In a thought process that is reasonable in the rom com universe, Min then proposes to Angela instead, offering her enough money for the next IVF appointment if they proceed with the wedding. Normal hijinks amongst friends (Lee: okay with it!; Chris: in his feels), but things get haywired when Min’s grandmother Ja-Young (Youn Yuh-jung) arrives from South Korea to oversee her grandson’s wedding.

It might take a while to explain everything that happens in the movie, even if we avoid spoiler territory. But all you may need to know is that it’s not the journey or destination that makes The Wedding Banquet a fun party, but the people that you’re traveling with. And damn, this cast is such a pleasure to watch. Tran and Yang take the hardest roles as being the doubtful Debbie Downers to their lovely counterparts.
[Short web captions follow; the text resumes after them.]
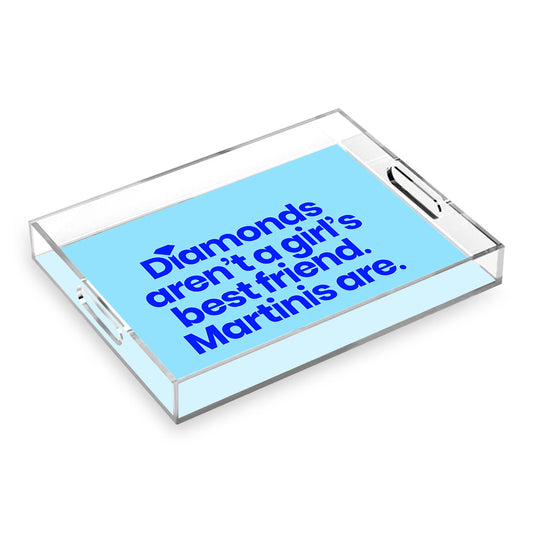 Diamonds Aren't a Girl's Best Friend Martinis Are Acrylic Tray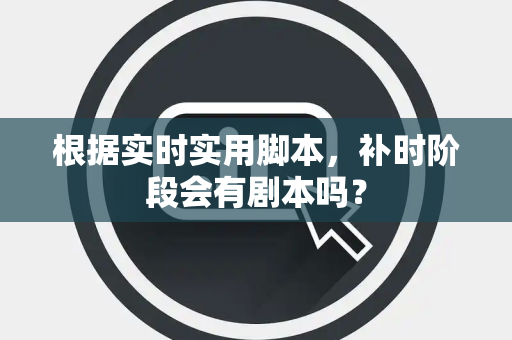根据实时实用脚本，补时阶段会有剧本吗？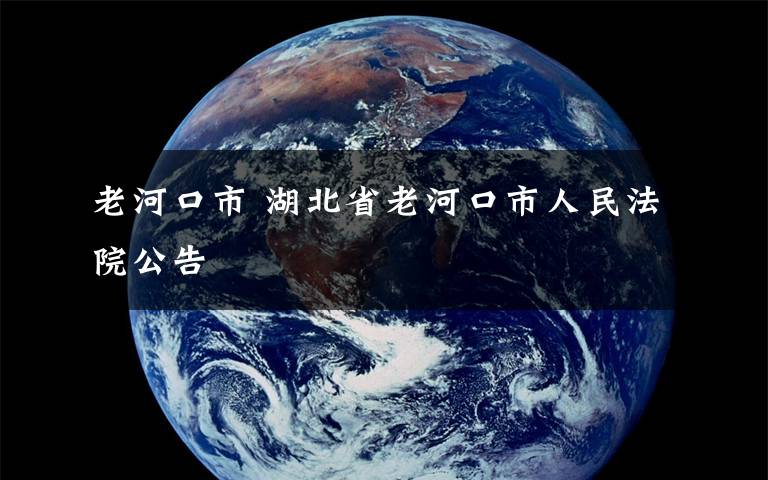 老河口市 湖北省老河口市人民法院公告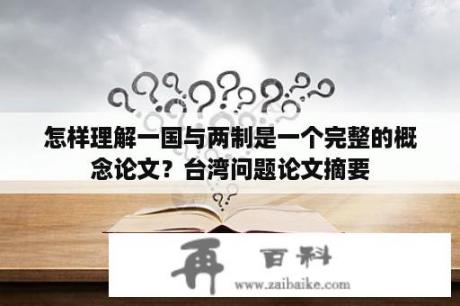 怎样理解一国与两制是一个完整的概念论文？台湾问题论文摘要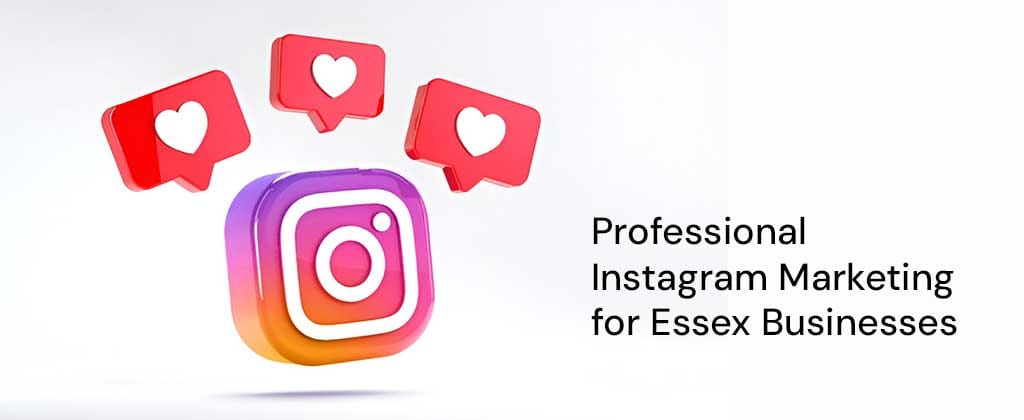 Professional Instagram Marketing for Essex Businesses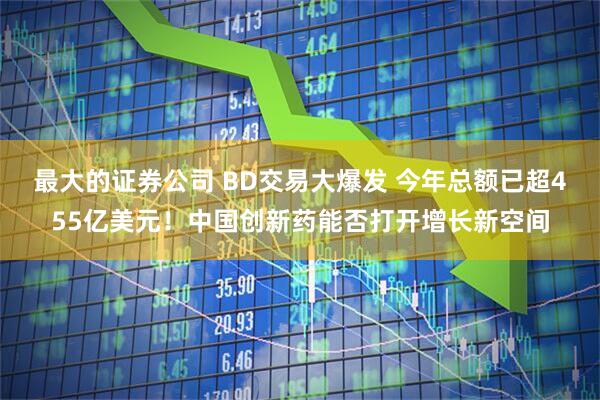 最大的证券公司 BD交易大爆发 今年总额已超455亿美元！中国创新药能否打开增长新空间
Gladstone and Han have fun as sweet-hearted cushions to their partners’ anxiety spikes, and it’s clear that gay is good and the couples are in love, but love can only go so far.

Youn’s performance is especially phenomenal, clearing the film’s presence as worthy enough of its own story. It’s heart-wrenching enough when characters are forced to hide their sexuality to appease others, but luckily this version quickly discards that discomfort when Ja-Young immediately pings the scam, aware of Min’s sexuality before he had the chance to come out. Instead of trying to wave it all away, Ja-Young helps with the scheme so that Min’s grandfather, chairman of the family company and presumed homophobe, can pass away knowing that Min is married. Ja-Young also quietly observes the couples’ melodramatic turmoil and withholds judgment, even when silly gets to breaking-point bonkers. What makes this powerful is that Ja-Young, composed of familial expectation and experiences, knows that Min’s happiness exists outside the path set for him. Thankfully absent of overly affected dialogue of disappointment or self-flagellation, Ja-Young internally challenges her expectations of what a normal family should be in order to keep the one that exists in the now. In one scene, she asks Min about Chris’s family, and you can see her heart break in real time when Min shares that they spend time together — a chance that she wasn’t able to do when Min left Korea in search of finding his identity in America.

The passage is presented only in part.